• [Exercise instructions]:
Retype, without changes, every line from the line that contains "And, cloud, clouds, holiday, summer, sun, weather" through the final line of the records. Exclude pictures.

• [Records provided]:
++++++++++++++++++++
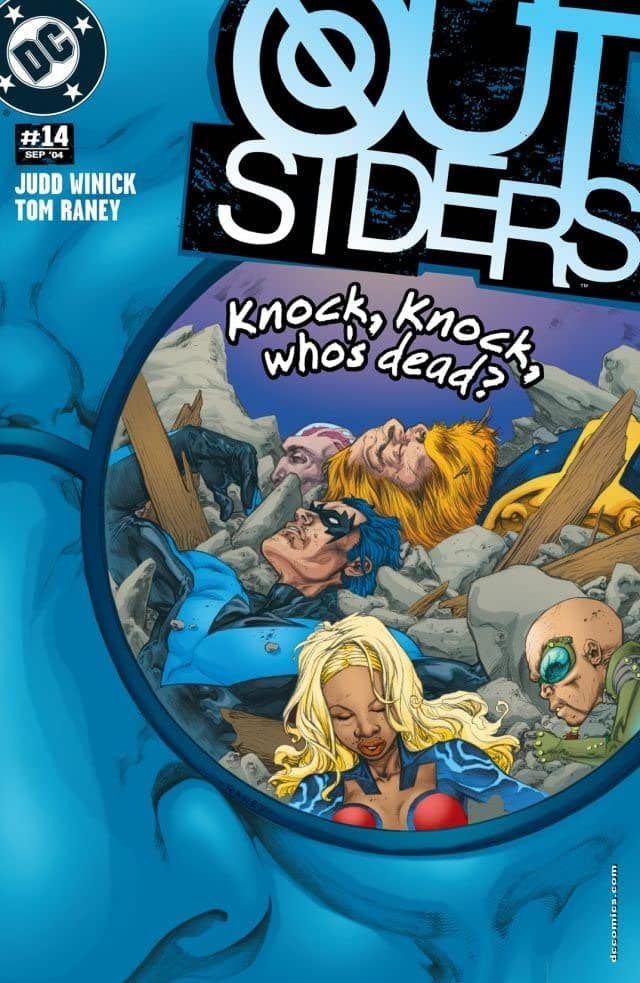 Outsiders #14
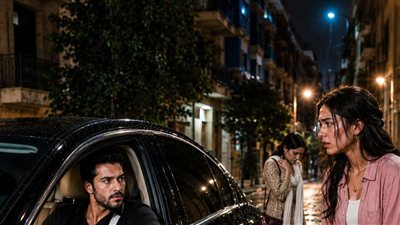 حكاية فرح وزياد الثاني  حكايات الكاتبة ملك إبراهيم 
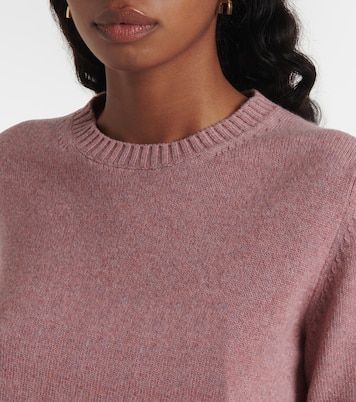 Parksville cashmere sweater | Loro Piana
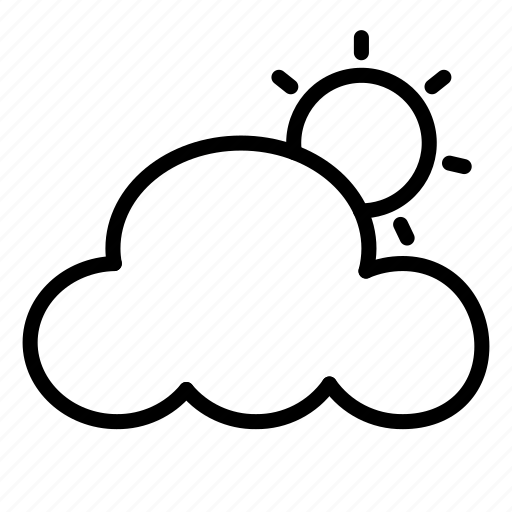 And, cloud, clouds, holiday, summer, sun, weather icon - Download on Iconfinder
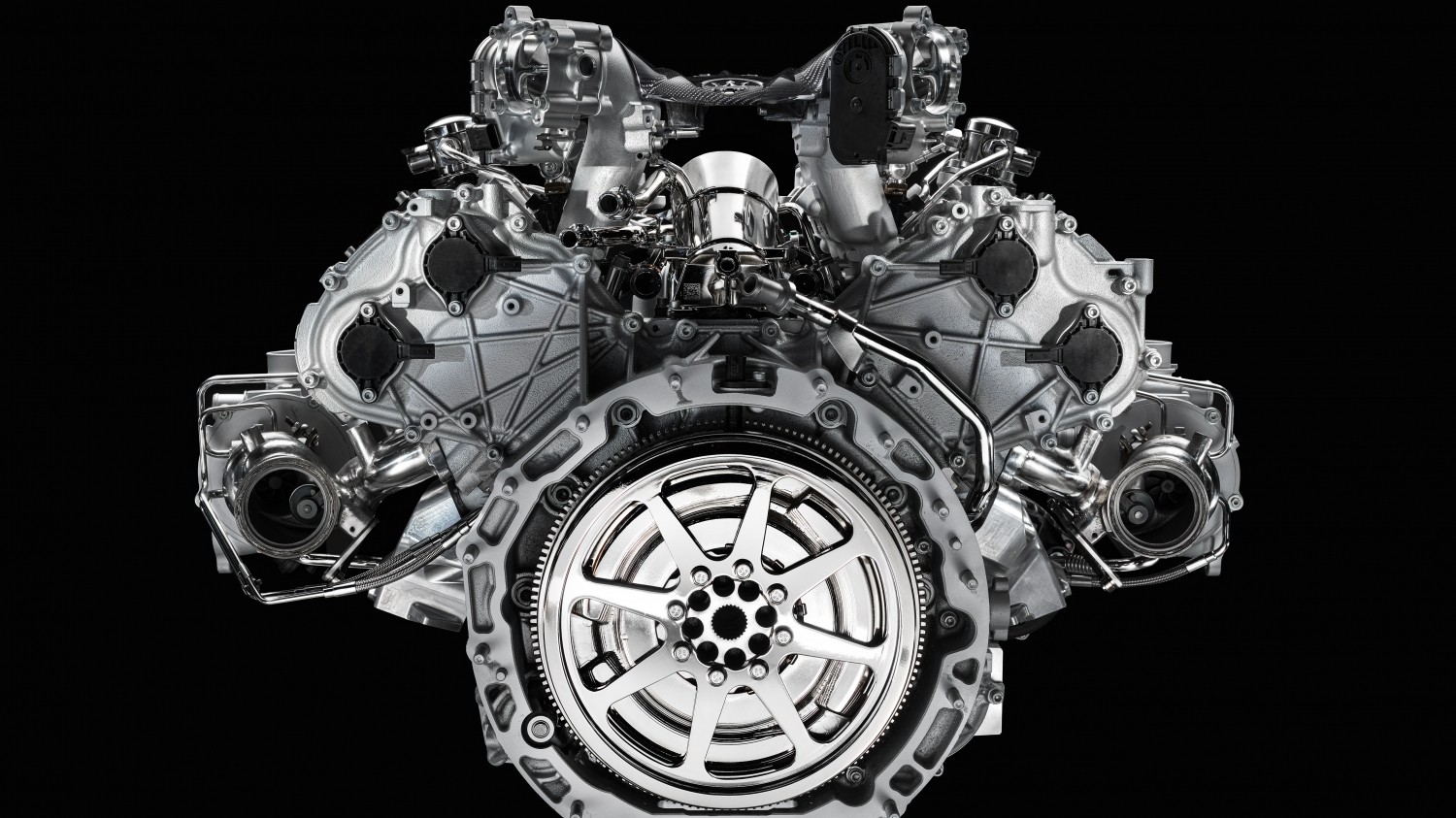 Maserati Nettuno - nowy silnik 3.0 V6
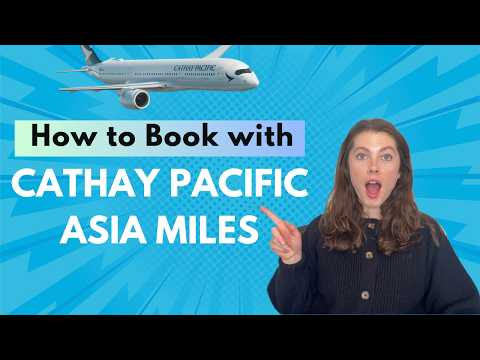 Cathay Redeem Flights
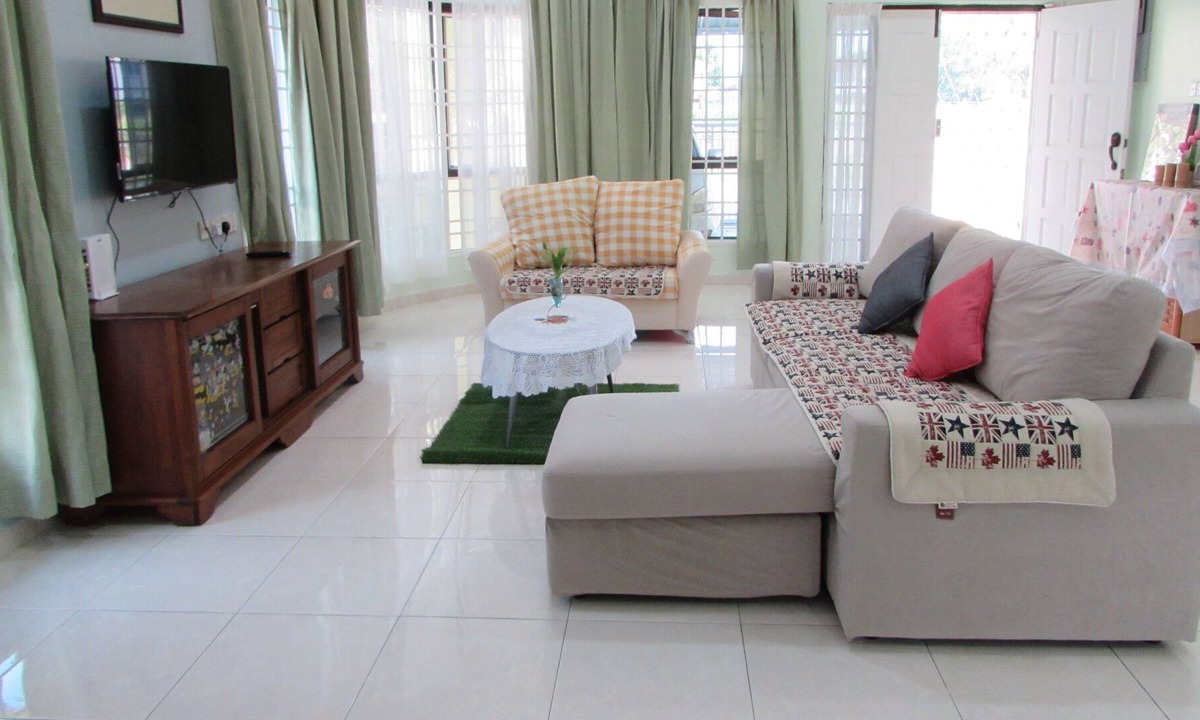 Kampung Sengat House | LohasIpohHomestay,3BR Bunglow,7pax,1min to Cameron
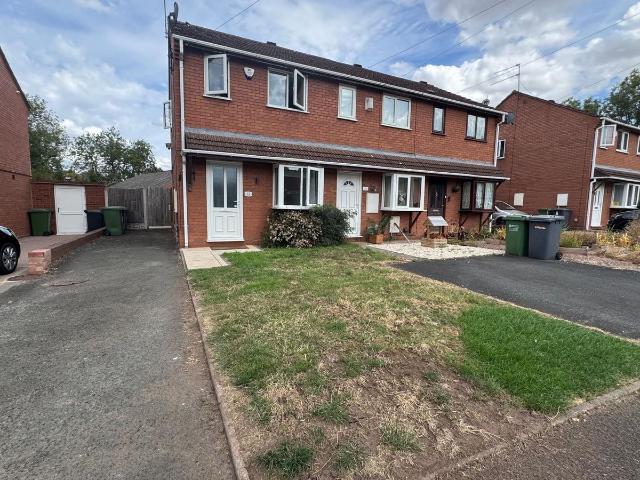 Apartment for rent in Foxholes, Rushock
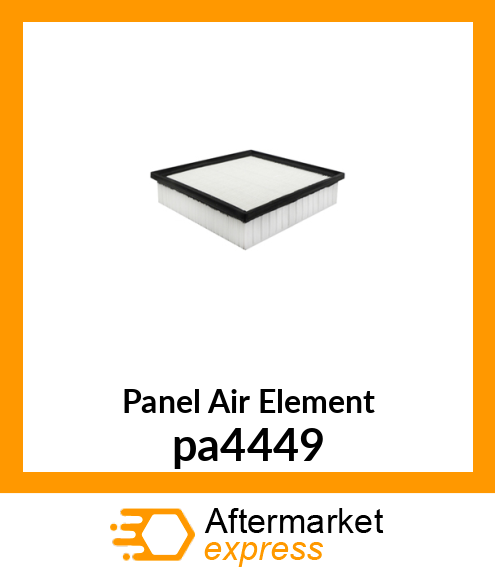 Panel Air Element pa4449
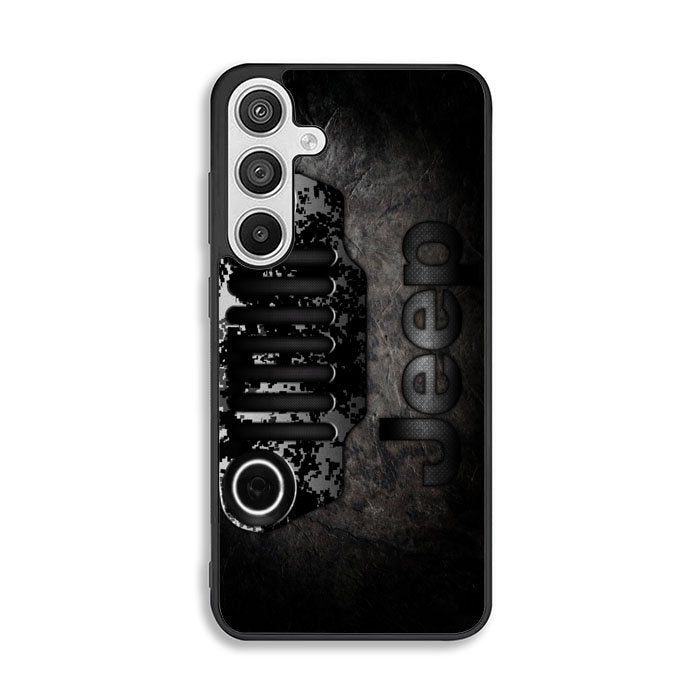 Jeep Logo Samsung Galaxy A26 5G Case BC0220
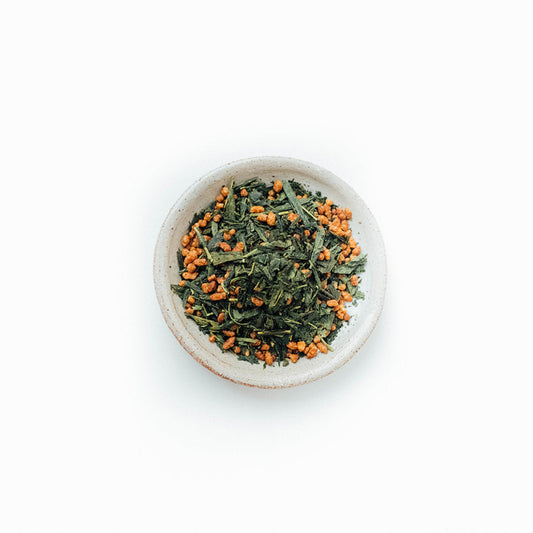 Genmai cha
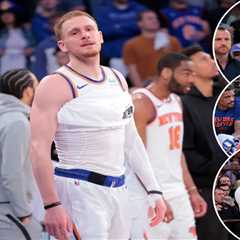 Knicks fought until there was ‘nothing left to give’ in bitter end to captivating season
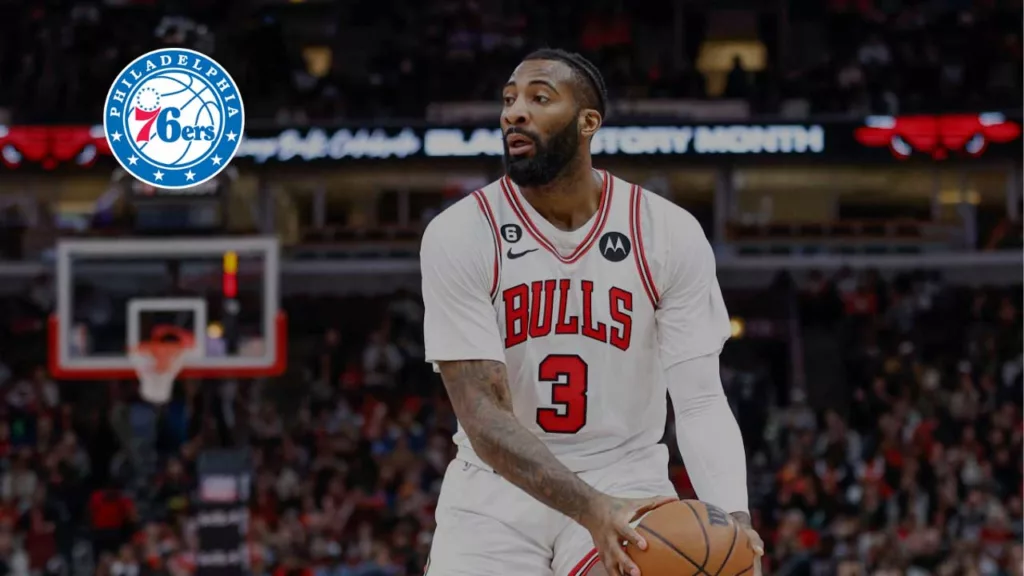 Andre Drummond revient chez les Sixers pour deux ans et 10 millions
++++++++++++++++++++
• [Answer to the problem]:
 And, cloud, clouds, holiday, summer, sun, weather icon - Download on Iconfinder
 Maserati Nettuno - nowy silnik 3.0 V6
 Cathay Redeem Flights
 Kampung Sengat House | LohasIpohHomestay,3BR Bunglow,7pax,1min to Cameron
 Apartment for rent in Foxholes, Rushock
 Panel Air Element pa4449
 Jeep Logo Samsung Galaxy A26 5G Case BC0220
 Genmai cha
 Knicks fought until there was ‘nothing left to give’ in bitter end to captivating season
 Andre Drummond revient chez les Sixers pour deux ans et 10 millions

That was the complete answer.